SOURCE MATERIAL below:

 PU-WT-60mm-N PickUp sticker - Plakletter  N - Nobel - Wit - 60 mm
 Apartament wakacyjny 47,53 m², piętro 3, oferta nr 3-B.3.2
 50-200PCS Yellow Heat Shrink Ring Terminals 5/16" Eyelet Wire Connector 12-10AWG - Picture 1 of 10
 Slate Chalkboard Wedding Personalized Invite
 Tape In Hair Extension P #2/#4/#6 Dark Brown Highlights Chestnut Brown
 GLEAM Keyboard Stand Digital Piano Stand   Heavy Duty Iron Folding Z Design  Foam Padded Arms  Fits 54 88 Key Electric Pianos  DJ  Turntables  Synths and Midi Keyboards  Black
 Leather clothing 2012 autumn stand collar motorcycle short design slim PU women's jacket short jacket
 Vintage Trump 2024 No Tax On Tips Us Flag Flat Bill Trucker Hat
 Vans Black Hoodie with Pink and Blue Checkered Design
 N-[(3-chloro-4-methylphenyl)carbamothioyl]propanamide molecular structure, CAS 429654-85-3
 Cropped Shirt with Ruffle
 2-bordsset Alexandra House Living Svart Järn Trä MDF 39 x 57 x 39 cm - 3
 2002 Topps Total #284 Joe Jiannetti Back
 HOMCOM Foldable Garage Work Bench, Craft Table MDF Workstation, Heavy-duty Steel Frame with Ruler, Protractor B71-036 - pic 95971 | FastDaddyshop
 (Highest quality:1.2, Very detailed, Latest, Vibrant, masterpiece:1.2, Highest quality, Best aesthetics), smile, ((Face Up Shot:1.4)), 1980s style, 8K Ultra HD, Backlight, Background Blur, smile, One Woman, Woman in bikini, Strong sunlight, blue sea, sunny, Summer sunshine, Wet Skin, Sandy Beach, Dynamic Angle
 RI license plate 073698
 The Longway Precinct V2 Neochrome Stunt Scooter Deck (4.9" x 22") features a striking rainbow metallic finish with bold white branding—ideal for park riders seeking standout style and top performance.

End of SOURCE MATERIAL.

The required output is the line holding "Cropped Shirt with Ruffle" plus every line after it in the data, reproduced exactly.

● EXERCISE SOLUTION
 Cropped Shirt with Ruffle
 2-bordsset Alexandra House Living Svart Järn Trä MDF 39 x 57 x 39 cm - 3
 2002 Topps Total #284 Joe Jiannetti Back
 HOMCOM Foldable Garage Work Bench, Craft Table MDF Workstation, Heavy-duty Steel Frame with Ruler, Protractor B71-036 - pic 95971 | FastDaddyshop
 (Highest quality:1.2, Very detailed, Latest, Vibrant, masterpiece:1.2, Highest quality, Best aesthetics), smile, ((Face Up Shot:1.4)), 1980s style, 8K Ultra HD, Backlight, Background Blur, smile, One Woman, Woman in bikini, Strong sunlight, blue sea, sunny, Summer sunshine, Wet Skin, Sandy Beach, Dynamic Angle
 RI license plate 073698
 The Longway Precinct V2 Neochrome Stunt Scooter Deck (4.9" x 22") features a striking rainbow metallic finish with bold white branding—ideal for park riders seeking standout style and top performance.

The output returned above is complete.